Key Vital Sign Indicator Results
  • The analysis of progress toward the 2020 target is pending until new data are made available.
  • Based on U.S. Census data from 2000 to 2010, the Puget Sound basin-wide population growth occurring within UGAs was 83 percent.
  • For counties, this indicator ranged from 28-101 percent.
  • For future analyses of progress, the value derived from the 2000 to 2010 census data will be used as a baseline reference for basin-wide and county-scale population growth distribution.
Methods
Monitoring Program

Washington State Department of Fish and Wildlife, Habitat Program

Data Source

U.S. Census Data

Washington State Department of Fish and Wildlife

This indicator tracks the proportion of population growth occurring within UGAs. Population growth is used as a surrogate for development activity in the region. Ten-year U.S. Census data are used for this indicator and the analysis will be updated when census data are next available in 2020. In order to generate intermediate measures of population growth distribution and assess progress toward the target, the less precise U.S. Census American Community Survey will be used.

Critical Definitions
Interpretation of Results

Washington population data, based on 2010 U.S. Census data, was used for the baseline analysis of population growth distribution for UGAs and rural areas between 2000 and 2010 (Table 1). Basin-wide, 83 percent of new population growth from 2000 to 2010 occurred within UGAs. For individual counties, the proportion of growth occurring within UGAs ranged from a low of 28 percent for Mason and Jefferson counties to highs of 92 percent and 101 percent for Snohomish and King counties, respectively.

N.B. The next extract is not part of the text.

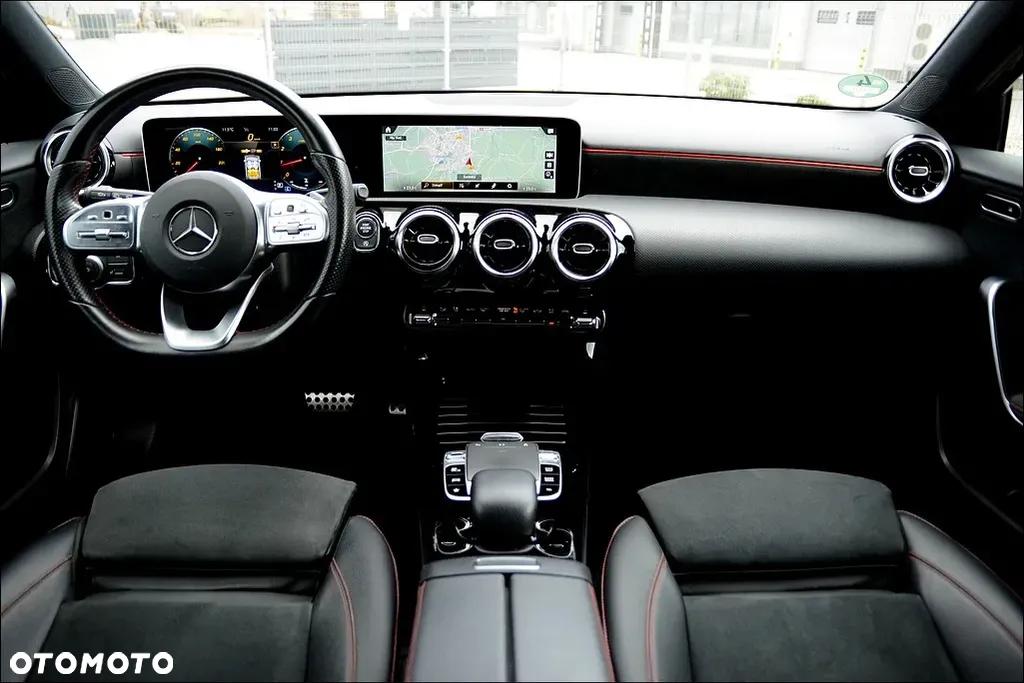 Mercedes-Benz Klasa A 180 AMG Line 7G-DCT - 21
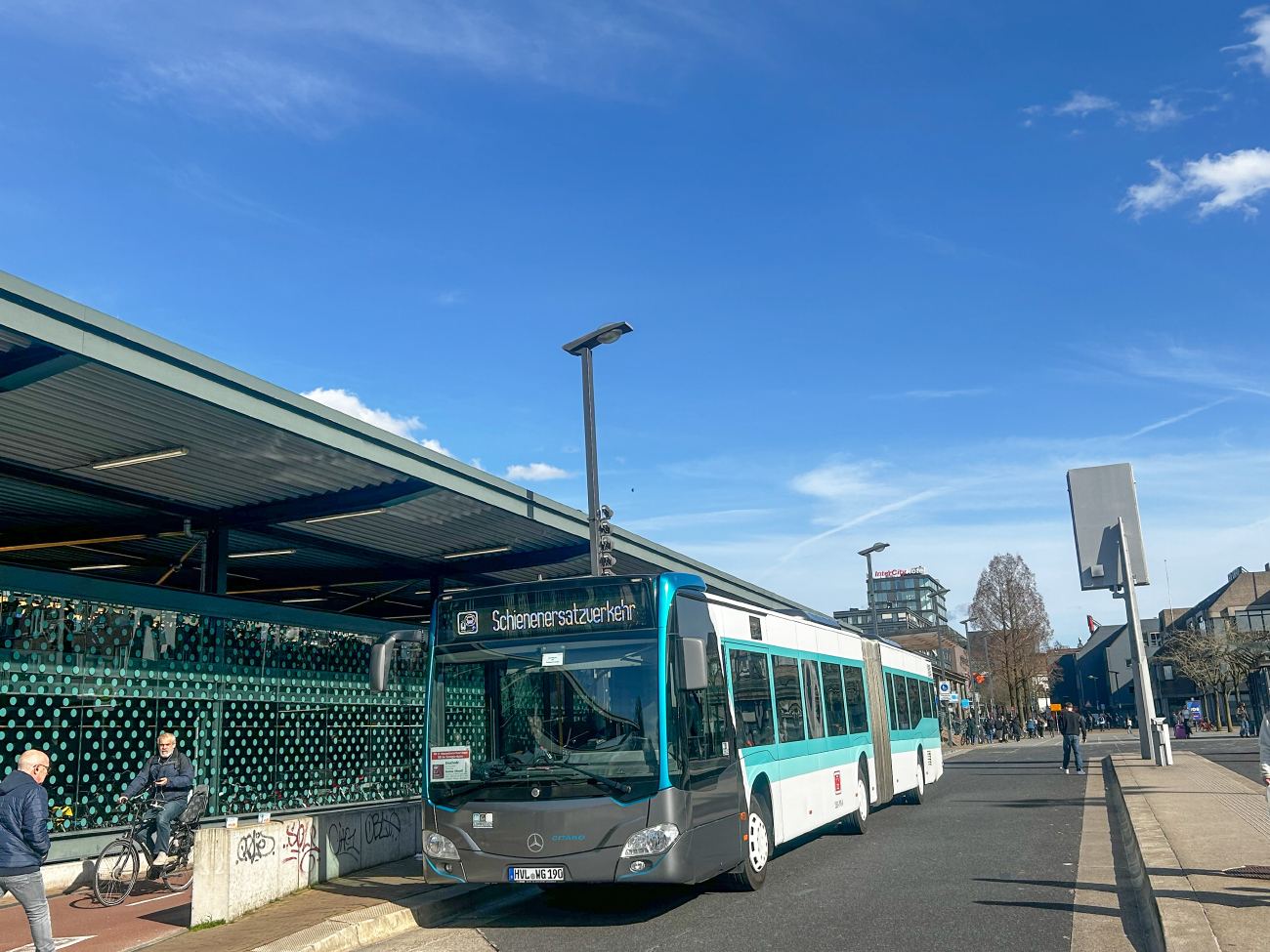 Nauen, Mercedes-Benz Citaro C2 G # HVL-WG 190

Data are not currently available to complete a trend analysis of population distribution patterns over the past 10 years. However, the Washington State Department of Commerce has been collecting data on the distribution of permits for new development and a preliminary analysis suggests that growth is increasingly occurring within UGAs. For five central Puget Sound counties, the proportion of permits for new development within UGAs increased at an average rate of 0.85 percent per year from 2003 to 2010. Carried out over 10 years, these permit data suggest an almost 10 percent increase in the proportion of growth going into UGAs in central Puget Sound. While permit activity does not correlate exactly to population increase, these reports provide an indication of progress (in a five-county area) toward the 2020 recovery goal of an increasing proportion of population growth with UGAs.

Table 1. Number of people within and outside Urban Growth Areas (UGAs) by county and basin-wide.
County 2010 Population Total New Population in 2000-2010 Percent of Total Population within UGA in 2010 Percent of New Growth Occurring within UGA in 2000-2010
Clallam 64,262 7,546 50.0% 47%
Island 78,506 7,878 30.9% 40%
Jefferson 28,605 3,532 41.4% 28%
King 1,931,249 195,569 93.6% 101%*
Kitsap 251,133 20,418 62.1% 65%
Mason 60,699 13,931 27.1% 28%
Pierce 795,225 95,538 82.5% 85%
San Juan 15,769 1,986 21.6% 37%
Skagit 116,901 14,608 67.6% 83%
Snohomish 713,335 107,775 83.0% 92%
Thurston 252,264 76,584 67.6% 50%
Whatcom 201,140 35,034 67.4% 78%
Basin-wide 4,509,088 580,399 81.7% 83%
* This number reflects new growth occurring within UGAs and migration of some existing population into UGAs.

 

County comprehensive plans designate UGAs for high-density urbanization with the intent to guide as much growth as possible to these areas to support regional and local economies, meet residence needs for a growing population, and be concurrent with infrastructure availability. This indicator therefore provides a measure of the effectiveness of land use policies and programs. It also measures the effectiveness of development practices in directing new development activities within existing urbanized areas and reducing land development pressures on rural and resource lands outside of urbanized areas.